How PGP Works
So, how does it work? Lets first look at the common cryptography example of person A and person B. Person A wants to send a message to person B, however, there is a third party in the way, person C. Person C wants to see the message that person A is trying to send privately to person B, so person C intercepts the message before it gets to person B, reads it, then sends it back on its way. With PGP we can prevent person C from reading the message, even if they get a hold of the message. In this situation, both person A and person B have a private and public key. They’ve agreed they want to exchange messages, and both share their public keys with each other. Person A creates another key called a session key, which is never used again after the message is decrypted by person B. The message is encrypted using this session key. This session key is then also encrypted using person B’s public key so that they will be able to decrypt the message once they receive the encrypted session key and message. The session key and message is sent, and person C intercepts both. However, person C only has an encrypted session key and doesn’t have the means to decrypt the key. So, person C has to send on the message without having read it. Once person B receives the session key and message, they decrypt the session key using their private key and use the session key to decrypt the message. This method allows messages to be sent between two parties without a potential third party interfering.
How PGP Is Used
There are many different ways PGP is implemented into private messaging. Commonly, people will download a program that generates the appropriate keys.
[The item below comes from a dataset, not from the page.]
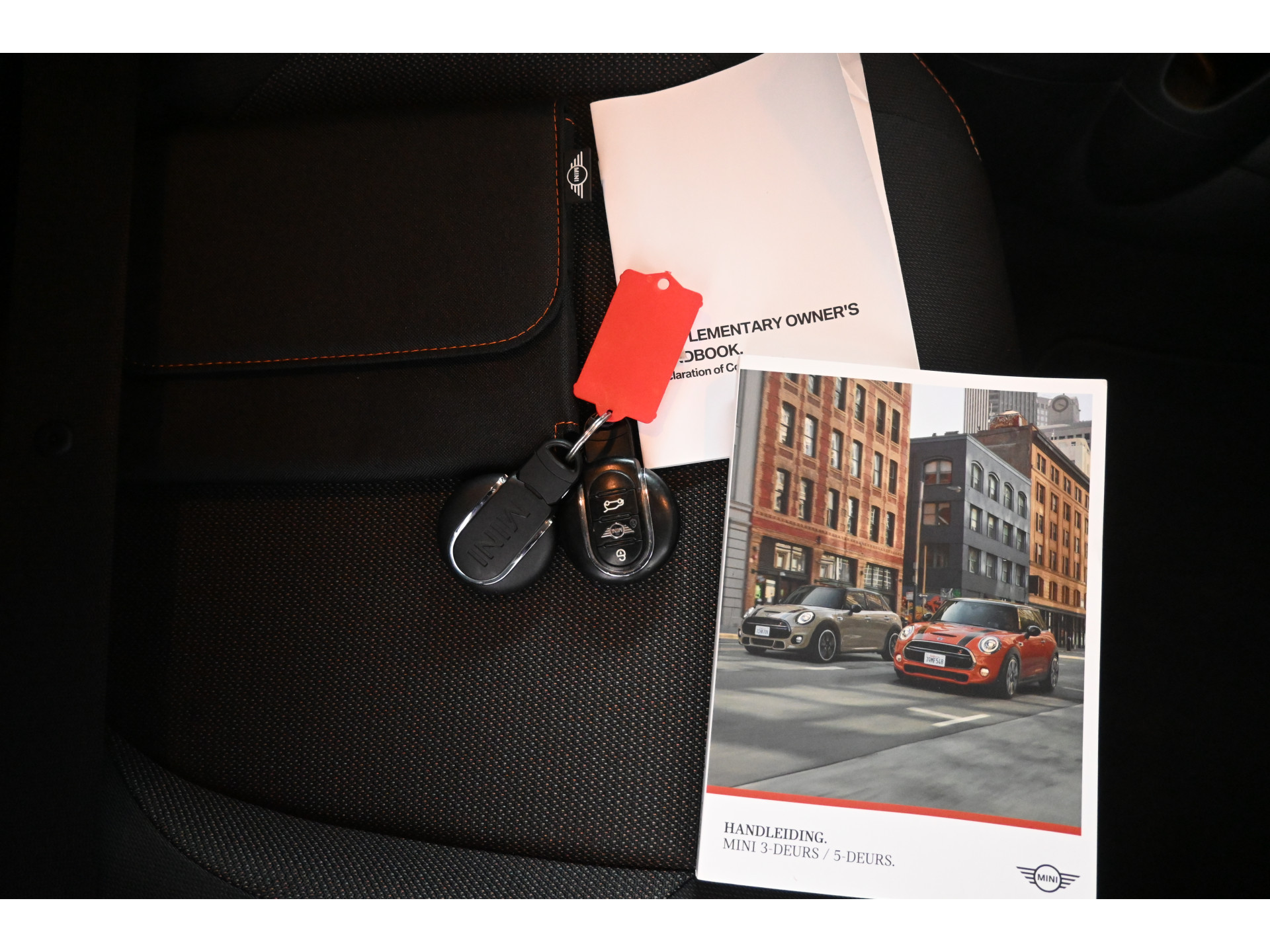 MINI Mini 1.5 Cooper Airco Navigatie LED Cruise Control Direct Leverbaar! Rijklaarprijs Inruil Mogelijk!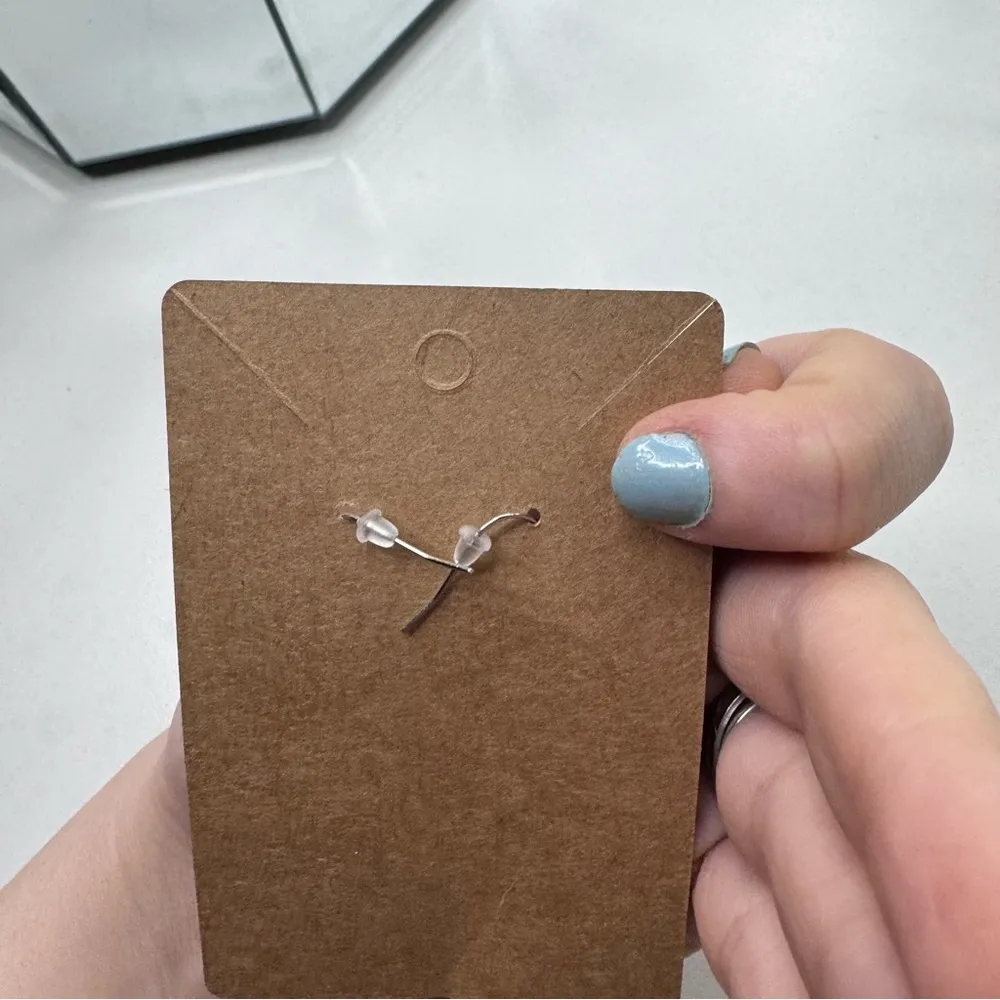 White kitty cat  earrings - Image 3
Once these keys are generated they’ll save their private key in a secure area, and share their public key with whoever they want to communicate with.
Signing Messages
You can use PGP to sign messages, which prove the authenticity of the message being received. This method is solely to prove who the sender of the message is. It’s like an electronic signature. It proves that the message could only possibly come from you. This works similarly to the above example. However, instead of the entire message being encrypted, person A would sign their message using their private key. Person B would then use person A’s public key to check that the message was sent from them.
Encrypting Messages
Many email services use PGP as a way to encrypt emails being sent through their platform. One commonly thought of email service that relies heavily on PGP is ProtonMail. They claim that PGP is the “backbone” of their services. This is done using the method explained in the first half of this article.
The Future Of PGP
Although not many people use PGP to verify messages casually, it’a commonly used medium of sending sensitive information securely. Recently, however, vulnerabilities in this encryption method have come to light. With PGP having the potential to not be as secure as it used to be, and it’s difficult to use, people are moving to other methods of secure communication. There are multiple articles on this site that discuss secure messaging systems, which is what most people are moving to instead of PGP based systems. Apps such as Signal and Whatsapp are good examples of secure messaging apps you can use to send sensitive information. Now that you understand what exactly PGP is and how it works, you may be able to understand why it’s not an incredibly effective system. Many people that use PGP don’t use it correctly (as there are many steps to take to use it properly). Also, if the wrong person gets a key they shouldn’t have access to, it can defeat the entire purpose. In the end, it’s all about being safe and making sure any sensitive information is sent securely. Be safe out there!